Part 0: Transmittance Calculation (10 points)

Task: Compute the transmittance of a ray going through a non-homogeneous medium.

Transmittance Calculation Solution

Part 1: Differentiable Volume Rendering (30 points)

1.3 Ray Sampling (5 points)

XY Grid Visualization

Rays Visualization

1.4 Point Sampling (5 points)

Sample Points from First Camera

1.5 Volume Rendering (20 points)

Volume Rendering

Depth Map (Camera 2)

Part 2: Optimizing a Basic Implicit Volume (10 points)

Optimized Box Rendering

Box Center: (0.25, 0.25, -0.00)

Box Side Lengths: (2.01, 1.50, 1.50)

Part 3: Optimizing a Neural Radiance Field (NeRF) (20 points)

Trained NeRF on Lego Dataset

Part 4: NeRF Extras (10 points)

4.1 View Dependence

View-Dependent NeRF on Materials Scene

Trade-offs Discussion:

View dependence allows the model to capture specific effects based on the camera's location, such as reflections and emission from glossy areas on materials. View dependence increases the input dimensionality, which makes the relationship more difficult to learn and can cause overfitting if view-dependent effects are incorrectly generalized to novel viewpoints.

Part 5: Sphere Tracing (10 points)

Torus Rendered with Sphere Tracing

Implementation Description:

Sphere tracing iteratively marches along each ray by the signed distance value returned by the SDF. Starting from the ray origin, we query the SDF at the current position and step forward by that distance. This process repeats until either we get close enough to the surface (distance < threshold) or we exceed the maximum number of iterations. A mask tracks which rays successfully intersected the surface.

Part 6: Optimizing a Neural SDF (15 points)

Input Point Cloud (Bunny)

Learned Neural SDF

MLP Architecture:

The neural SDF uses an MLP with 6 layers and 128 hidden neurons.

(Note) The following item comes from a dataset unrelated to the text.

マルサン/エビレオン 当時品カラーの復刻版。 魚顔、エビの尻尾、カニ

The input 3D coordinates are processed through harmonic embedding to capture high-frequency details. The network outputs a single signed distance value per point.

Eikonal Loss:

The eikonal loss enforces that the gradient of the SDF has unit magnitude (||∇SDF|| = 1), which is a fundamental property of true signed distance fields. This is implemented by adding to the loss the mean squared error between the gradient of the signed distance function and one.

Part 7: VolSDF (15 points)

Bulldozer Geometry (SDF Surface)

Bulldozer with Color

SDF to Density Conversion Parameters

Alpha and Beta Intuition:

Alpha (α): Controls the overall density magnitude. Higher α creates sharper density transitions around the surface.

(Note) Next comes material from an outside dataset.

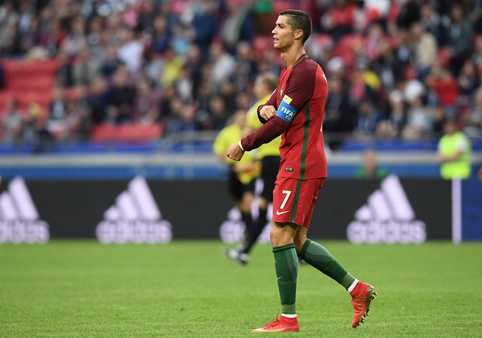 Роналдо без удар при 0:3 от Холандия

Beta (β): Controls the density distribution around the zero-level set of the SDF. It determines how quickly density falls off as you move away from the surface.

Questions

Q1: How does high/low beta bias your learned SDF?

High β creates a wider, smoother density distribution around the surface, making the SDF less sharp. Low β creates a narrower, sharper density distribution, biasing the SDF toward more precise surface localization.

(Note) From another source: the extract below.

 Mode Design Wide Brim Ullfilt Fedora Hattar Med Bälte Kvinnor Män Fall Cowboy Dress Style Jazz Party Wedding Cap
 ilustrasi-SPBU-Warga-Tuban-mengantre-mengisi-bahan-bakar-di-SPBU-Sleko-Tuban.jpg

Q2: Would an SDF be easier to train with low or high beta? Why?

Higher β is easier to train because the wider density distribution provides stronger gradients over a larger region of space, giving the optimization more signal. Low β can lead to vanishing gradients far from the surface.

Q3: Would you learn a more accurate surface with high or low beta? Why?

A more accurate surface will be learned with a lower beta, as a lower beta allows for a smaller density distribution around the zero of the SDF, creating more precise surface positions.

Hyperparameters Used:

Alpha: 10.0
Beta: 0.05
Learning rate: 0.0005
Epochs: 250

Part 8: Neural Surface Extras (10 points)

8.2 Fewer Training Views

Comparison of NeRF vs VolSDF performance with limited training views.

10 Training Views

NeRF (10 views)

VolSDF (10 views)

20 Training Views

NeRF (20 views)

VolSDF (20 views)

Analysis:

VolSDF generates a better overall global surface with fewer artifacts compared to NeRF. In the NeRF 20-view results, artifacts can be seen that differ from the actual Lego structure. NeRF captures details very clearly where there is camera input data, but appears blurry in regions without training data. VolSDF gets general features correct globally, though details are slightly more blurred. Overall, VolSDF maintains smoother global surfaces with fewer artifacts, while NeRF excels at capturing fine details from its input views.